TASK BRIEF:
With the images omitted, return all of the entries exactly as they stand.

Collected data:
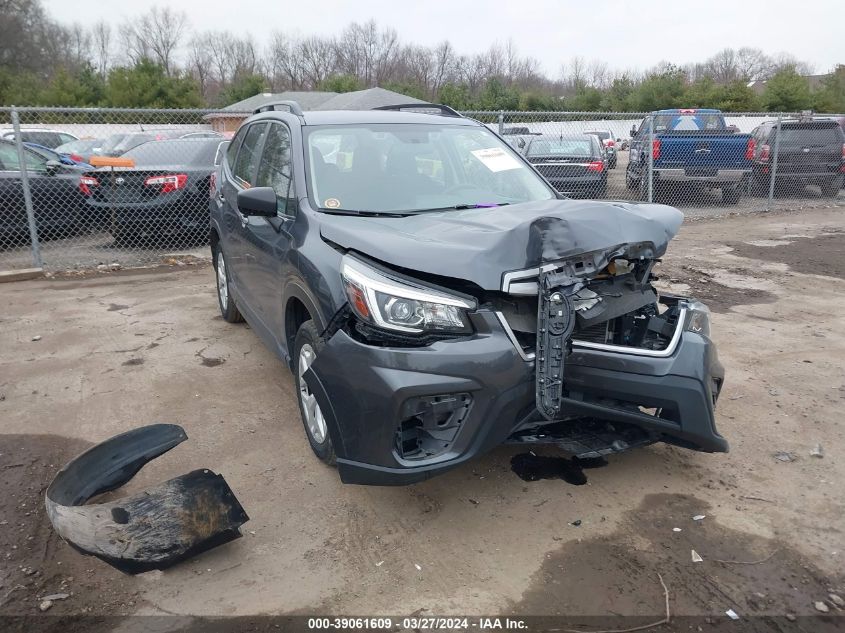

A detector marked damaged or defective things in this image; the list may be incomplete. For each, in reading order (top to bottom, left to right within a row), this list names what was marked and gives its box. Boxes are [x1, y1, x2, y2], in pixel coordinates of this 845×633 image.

crumpled hood [320, 199, 684, 290]
broken headlight [342, 253, 474, 334]
broken headlight [684, 300, 708, 338]
torn plastic fender liner [45, 424, 249, 572]
damaged front end [45, 424, 249, 572]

TASK SOLUTION:
A detector marked damaged or defective things in this image; the list may be incomplete. For each, in reading order (top to bottom, left to right within a row), this list names what was marked and gives its box. Boxes are [x1, y1, x2, y2], in pixel coordinates of this 845×633 image.

crumpled hood [320, 199, 684, 290]
broken headlight [342, 253, 474, 334]
broken headlight [684, 300, 708, 338]
torn plastic fender liner [45, 424, 249, 572]
damaged front end [45, 424, 249, 572]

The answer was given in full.